If Core 1 is the chipset, Core 0 takes the traditional role of a CPU in a demo-making context, which is to render and orchestrate the effects themselves.

System memory

The RP2350 is equipped with 520 kB of RAM organized in different banks that are hooked up to the system bus fabric in different ways. Specifically, there are two 4 kB areas with dedicated bus ports. This means that a core (or the DMA subsystem) can read or write to one of these memory areas at the same time as other memory is accessed by some other part of the system. I'm executing the Core 1 codebase—the realtime chipset implementation—from one of these banks to ensure that it doesn't stall on instruction fetches.

The other 4 kB bank contains some performance-critical resident code for Core 0. Most of the time, however, Core 0 is running code from the execute-in-place (XIP) area, which is a cached view into the 4 MB flash memory of the Pico 2. Both of the special 4 kB banks also contain global variables, including chipset “registers” and synth parameters. I've set the RISC-V global pointer register (gp) to the address at the boundary between the two banks, such that global variables in both are reachable at positive and negative offsets.

A series of parts

When a new vertical blanking period starts, Core 1 sends a so called doorbell interrupt to Core 0. The interrupt handler is one of the aforementioned routines that execute from RAM, and it is responsible for invoking the music playroutine and then jumping through a callback vector to some code that is specific to the current demo part.
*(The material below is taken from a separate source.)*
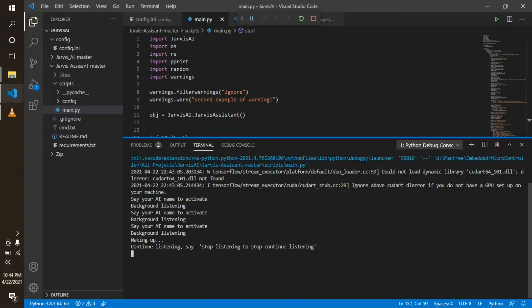Hey, who are you? Hi, I am Stella. Nice to meet you. I am your personal assistant.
In addition to the vertical-blanking interrupt handler, Core 0 also has a main thread that invokes other callback routines related to the current part, while also monitoring the current song position to determine when it's time to move on to the next part.

A demo part has a total of four callbacks: The normal interrupt routine, the fade-out interrupt routine, and two routines that are called in main context: prepare (called once) and main (called repeatedly).

The role of the main thread on Core 0 is illustrated by the following diagram:

Note in particular that the fade-out interrupt routine of one demo part remains installed while the prepare routine of the next part is called.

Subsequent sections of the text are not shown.